Will Many Be Saved? What Vatican II Actually Teaches and Its Implications for the New Evangelization
by Ralph Martin
Eerdmans, 332 pages, $24
Following Vatican II, there arose within the Church a mentality, even a conviction, that the preaching of the gospel and the need for conversion to Jesus Christ were not as important as once thought. The council itself could be interpreted as giving the impression, unwittingly, that all religions are fundamentally good, even though “the Church always held and continues to hold that Christ out of infinite love freely underwent suffering and death because of the sins of all men, so that all might attain salvation,” in the words of Nostra Aetate.
In this, his most recent book, Ralph Martin, director of graduate theology programs at Sacred Heart Major Seminary in Detroit and consultor to the Pontifical Council for the New Evangelization, is concerned about both sides of this equation. First, he is well aware that it is possible for those who do not explicitly believe in Jesus to be saved, yet the probability of their being saved is anyone’s guess. Second, and more important, he argues that the fathers of Vatican II, far from wanting to undermine the proclamation of the gospel to all men and women, actually desired to deepen the Church’s evangelistic spirit.
What motivates Martin is not some fire-and-brimstone legalism or arrogant, narrow-minded triumphalism. Rather, he recognizes that to deprive others of a saving knowledge of Jesus in the name of religious pluralism or a so-called “conviction” that all will be saved is actually to diminish their religious integrity and uprightness of heart.

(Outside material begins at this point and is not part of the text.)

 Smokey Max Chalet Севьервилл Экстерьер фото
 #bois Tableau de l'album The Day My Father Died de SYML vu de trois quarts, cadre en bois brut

Depriving them of what would be their greatest treasure and supreme joy is no good deed. It is precisely because Martin wishes “that many be saved” that he seeks to recover the importance of this question and place it at the heart of the new evangelization.

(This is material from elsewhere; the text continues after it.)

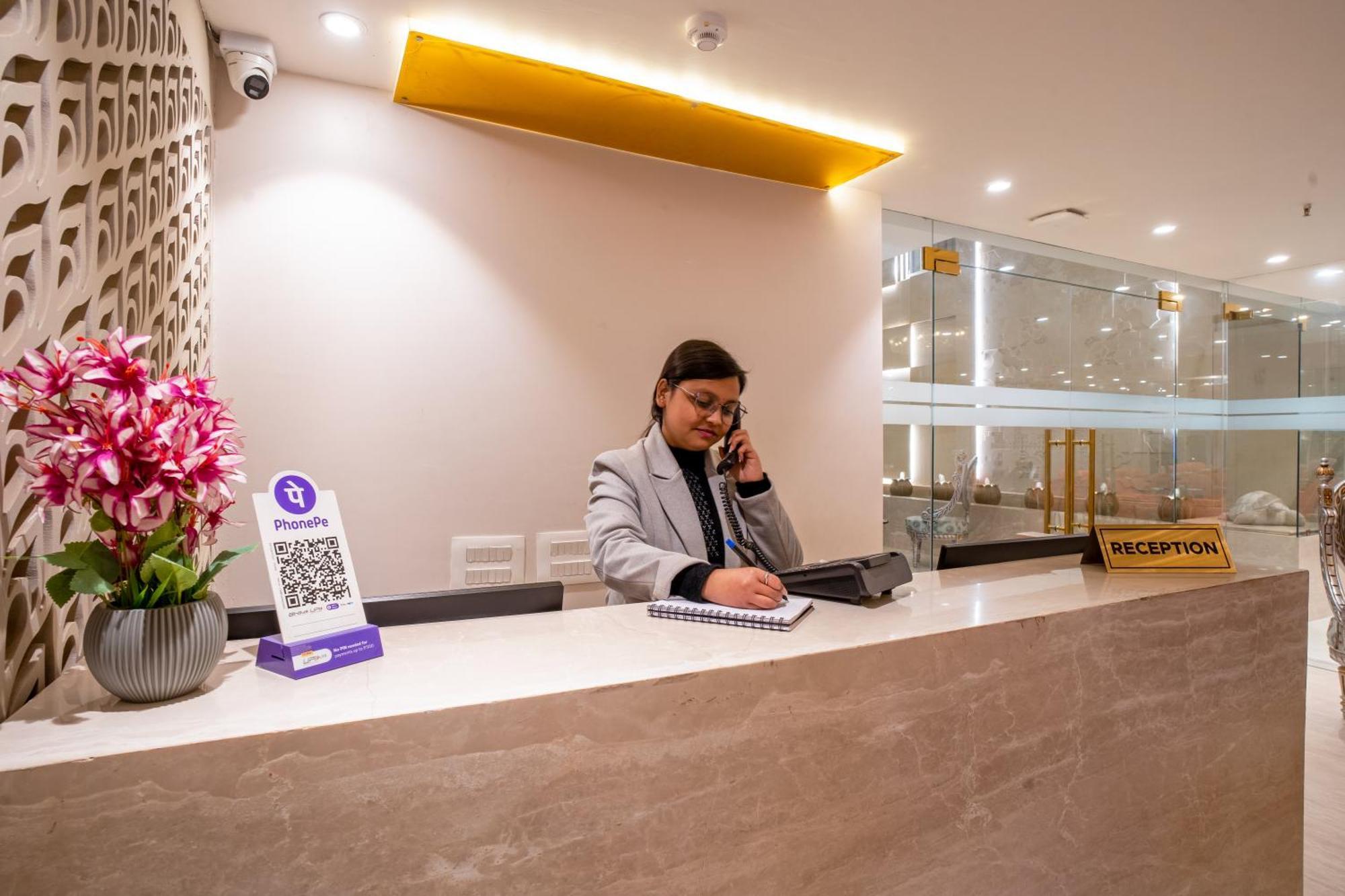 Hotel Ginger Palace Delhi Airport Nové Dillí Exteriér fotografie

—Thomas G. Weinandy, O.F.M., Cap.,
is executive director of the Secretariat for
Doctrine at the United States Conference of Catholic Bishops.
Fixing the Moral Deficit: A Balanced Way to Balance the Budget
by Ronald J. Sider
Intervarsity Press, 171 pages, $15
Ronald J. Sider’s work is a breath of fresh air. Unlike many on the left, he takes our annual deficits and ever-growing debt seriously. Unlike some on the right, he is profoundly concerned about growing poverty and inequality. Combining insights from both sides, he thinks our debt amounts to an “intergenerational injustice” but that balancing the budget “on the backs of the poor” is “also blatant injustice.”
Founder of Evangelicals for Social Action and professor of theology, holistic ministry, and public policy at Palmer Theological Seminary, he offers in Fixing the Moral Deficit a thoughtful and temperate treatment of what has become one of our most contentious issues: the morality of our budget. Sider argues that we face three interrelated crises: deficit, poverty, and injustice.
His proposed solutions are a fifty“fifty mixture of tax increases and budget cuts. Unfortunately, too many of his claims about poverty, inequality, and taxation are tenuous. He doesn’t discuss the causes of poverty (family breakdown, out-of-wedlock childbearing, crime, drugs, etc.) and largely ignores the possibility that the welfare state could be making things worse. Satisfied with pointing to correlations, but without considering causation, he is often too quick to rush to conclusions. It isn’t clear whether the inequality and poverty problems he points to occurred because of or despite the taxation policies he bemoans. Thus, his proposed tax increases may not be the solution we really need.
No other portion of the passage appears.